TASK INSTRUCTIONS: The entries below are to be repeated verbatim, in full.

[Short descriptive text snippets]

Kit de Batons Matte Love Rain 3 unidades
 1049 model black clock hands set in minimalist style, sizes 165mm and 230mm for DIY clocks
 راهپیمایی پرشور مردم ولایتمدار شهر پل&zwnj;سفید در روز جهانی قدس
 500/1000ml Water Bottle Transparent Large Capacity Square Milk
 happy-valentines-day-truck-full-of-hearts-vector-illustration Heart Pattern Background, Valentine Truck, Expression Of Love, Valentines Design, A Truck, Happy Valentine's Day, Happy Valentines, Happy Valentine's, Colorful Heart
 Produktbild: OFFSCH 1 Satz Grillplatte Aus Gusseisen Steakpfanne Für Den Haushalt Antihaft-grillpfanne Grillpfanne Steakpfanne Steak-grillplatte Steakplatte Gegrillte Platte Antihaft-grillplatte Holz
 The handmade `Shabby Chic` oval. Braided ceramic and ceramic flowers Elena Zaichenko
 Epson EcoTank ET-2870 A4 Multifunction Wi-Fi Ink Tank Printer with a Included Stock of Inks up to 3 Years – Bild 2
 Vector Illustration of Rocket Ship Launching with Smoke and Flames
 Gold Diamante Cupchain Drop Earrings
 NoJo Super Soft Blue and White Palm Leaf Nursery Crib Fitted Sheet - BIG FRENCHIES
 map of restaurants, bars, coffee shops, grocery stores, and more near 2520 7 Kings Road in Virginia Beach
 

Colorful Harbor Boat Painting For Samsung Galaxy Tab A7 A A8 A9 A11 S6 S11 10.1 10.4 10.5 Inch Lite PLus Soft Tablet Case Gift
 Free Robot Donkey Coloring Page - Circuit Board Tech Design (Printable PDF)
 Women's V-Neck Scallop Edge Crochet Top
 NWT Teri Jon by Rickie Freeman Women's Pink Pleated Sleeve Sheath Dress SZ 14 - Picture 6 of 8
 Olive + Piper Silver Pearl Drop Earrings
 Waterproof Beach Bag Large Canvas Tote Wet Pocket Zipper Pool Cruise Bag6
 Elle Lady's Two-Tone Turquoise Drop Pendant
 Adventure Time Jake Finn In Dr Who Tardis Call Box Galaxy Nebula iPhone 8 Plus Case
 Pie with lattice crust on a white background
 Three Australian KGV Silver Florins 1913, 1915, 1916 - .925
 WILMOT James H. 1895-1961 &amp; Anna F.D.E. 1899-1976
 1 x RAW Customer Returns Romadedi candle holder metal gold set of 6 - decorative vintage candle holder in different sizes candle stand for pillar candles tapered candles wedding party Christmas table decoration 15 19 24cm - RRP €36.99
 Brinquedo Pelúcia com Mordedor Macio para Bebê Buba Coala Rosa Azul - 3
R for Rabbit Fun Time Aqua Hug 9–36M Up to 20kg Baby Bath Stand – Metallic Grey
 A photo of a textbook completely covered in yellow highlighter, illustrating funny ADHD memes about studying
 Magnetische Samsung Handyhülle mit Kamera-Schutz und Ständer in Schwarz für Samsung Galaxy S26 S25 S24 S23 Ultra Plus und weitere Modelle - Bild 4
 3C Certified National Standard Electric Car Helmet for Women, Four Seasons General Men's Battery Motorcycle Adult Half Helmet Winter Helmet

TASK RESPONSE:
Kit de Batons Matte Love Rain 3 unidades
 1049 model black clock hands set in minimalist style, sizes 165mm and 230mm for DIY clocks
 راهپیمایی پرشور مردم ولایتمدار شهر پل&zwnj;سفید در روز جهانی قدس
 500/1000ml Water Bottle Transparent Large Capacity Square Milk
 happy-valentines-day-truck-full-of-hearts-vector-illustration Heart Pattern Background, Valentine Truck, Expression Of Love, Valentines Design, A Truck, Happy Valentine's Day, Happy Valentines, Happy Valentine's, Colorful Heart
 Produktbild: OFFSCH 1 Satz Grillplatte Aus Gusseisen Steakpfanne Für Den Haushalt Antihaft-grillpfanne Grillpfanne Steakpfanne Steak-grillplatte Steakplatte Gegrillte Platte Antihaft-grillplatte Holz
 The handmade `Shabby Chic` oval. Braided ceramic and ceramic flowers Elena Zaichenko
 Epson EcoTank ET-2870 A4 Multifunction Wi-Fi Ink Tank Printer with a Included Stock of Inks up to 3 Years – Bild 2
 Vector Illustration of Rocket Ship Launching with Smoke and Flames
 Gold Diamante Cupchain Drop Earrings
 NoJo Super Soft Blue and White Palm Leaf Nursery Crib Fitted Sheet - BIG FRENCHIES
 map of restaurants, bars, coffee shops, grocery stores, and more near 2520 7 Kings Road in Virginia Beach
 

Colorful Harbor Boat Painting For Samsung Galaxy Tab A7 A A8 A9 A11 S6 S11 10.1 10.4 10.5 Inch Lite PLus Soft Tablet Case Gift
 Free Robot Donkey Coloring Page - Circuit Board Tech Design (Printable PDF)
 Women's V-Neck Scallop Edge Crochet Top
 NWT Teri Jon by Rickie Freeman Women's Pink Pleated Sleeve Sheath Dress SZ 14 - Picture 6 of 8
 Olive + Piper Silver Pearl Drop Earrings
 Waterproof Beach Bag Large Canvas Tote Wet Pocket Zipper Pool Cruise Bag6
 Elle Lady's Two-Tone Turquoise Drop Pendant
 Adventure Time Jake Finn In Dr Who Tardis Call Box Galaxy Nebula iPhone 8 Plus Case
 Pie with lattice crust on a white background
 Three Australian KGV Silver Florins 1913, 1915, 1916 - .925
 WILMOT James H. 1895-1961 &amp; Anna F.D.E. 1899-1976
 1 x RAW Customer Returns Romadedi candle holder metal gold set of 6 - decorative vintage candle holder in different sizes candle stand for pillar candles tapered candles wedding party Christmas table decoration 15 19 24cm - RRP €36.99
 Brinquedo Pelúcia com Mordedor Macio para Bebê Buba Coala Rosa Azul - 3
R for Rabbit Fun Time Aqua Hug 9–36M Up to 20kg Baby Bath Stand – Metallic Grey
 A photo of a textbook completely covered in yellow highlighter, illustrating funny ADHD memes about studying
 Magnetische Samsung Handyhülle mit Kamera-Schutz und Ständer in Schwarz für Samsung Galaxy S26 S25 S24 S23 Ultra Plus und weitere Modelle - Bild 4
 3C Certified National Standard Electric Car Helmet for Women, Four Seasons General Men's Battery Motorcycle Adult Half Helmet Winter Helmet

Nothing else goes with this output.